Yazılımcılar için proje yönetimine giriş
Bir yazılım projesinin yazılımcı liderliğinde anatomisi ve "Süre tahmin" sanatı
Yazılım geliştirme kültürü ve trendleri 2000’li yılların başından bu yana inanılmaz bir şekilde değişti. Bunun en büyük etkisi şimdilerde big tech ya da FAANG dediğimiz firmaların daha hızlı, daha rekabetçi olabilmek için yarattıkları Silikon Vadisi kültürüyle birlikte yazılımcılar küçük odalarda tek başlarına kod geliştiren kişiler yerine açık ofislerde daha fazla sorumluluk alan kişilere dönüştüler. Bu dönüşümün en büyük etkisi de yazılımcılardan beklenen sorumluluklara yansıdı. Örneğin bulut devrimi ve DevOps akımı ile birlikte yazılımcıdan artık sadece kod yazmaları değil aynı zamanda bu kodların çalışacağı altyapıları da Infrastructure as Code araçları ile yönetmeleri de beklenmeye başladı.

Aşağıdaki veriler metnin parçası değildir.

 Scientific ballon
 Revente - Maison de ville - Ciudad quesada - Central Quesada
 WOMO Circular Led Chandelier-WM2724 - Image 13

Elbette beklentiler sadece teknik anlamda artmadı. Çoğu ürün organizasyonunda paydaşları yönetmek, yapılan geliştirmeleri diğer yazılımcılarla paylaşmak, dokümantasyon yazmak, teknik tasarım dokümanları yazmak ve yönetmek, hatta ve hatta proje liderliği yapmak da beklenmeye başlandı. Özellikle bir çok ürün organizasyonunda scrum master ya da proje yöneticisi gibi rollerin olmaması sebebiyle ve bu alanda gelişen çok fazla uygulama ile proje yönetimi ve ekip liderliği de tecrübeli yazılımcılardan daha da fazla beklenmeye başlandı.
Çalıştığım ve incelediğim başarılı organizasyonların büyük bir kısmında bu tarz rolleri genellikle yazılımcılar üstleniyor. Örneğin, Facebook’ta ürün yöneticileri ağırlıklı olarak vizyon ve stratejiye odaklanırken ekiplerdeki yazılımcılar taktiksel olarak projeleri yönetiyor ve liderliğini yapıyor. Bu firmalarda Teknik Proje Yöneticisi gibi bir rol de bulunabiliyor ancak genellikle bu rol çok fazla ekibin dahil olduğu büyük projelerde devreye giriyor. Yani çoğunlukla ürün içindeki geliştirmelerin projelerini yazılımcılar üstleniyor. Bir scrum master işin memuriyetini üstlenmiyor. Bu sayede yazılımcılar “Nasıl” sorusuna cevap ararken, ürün yöneticileri “Ne” sorusuna cevap arıyor.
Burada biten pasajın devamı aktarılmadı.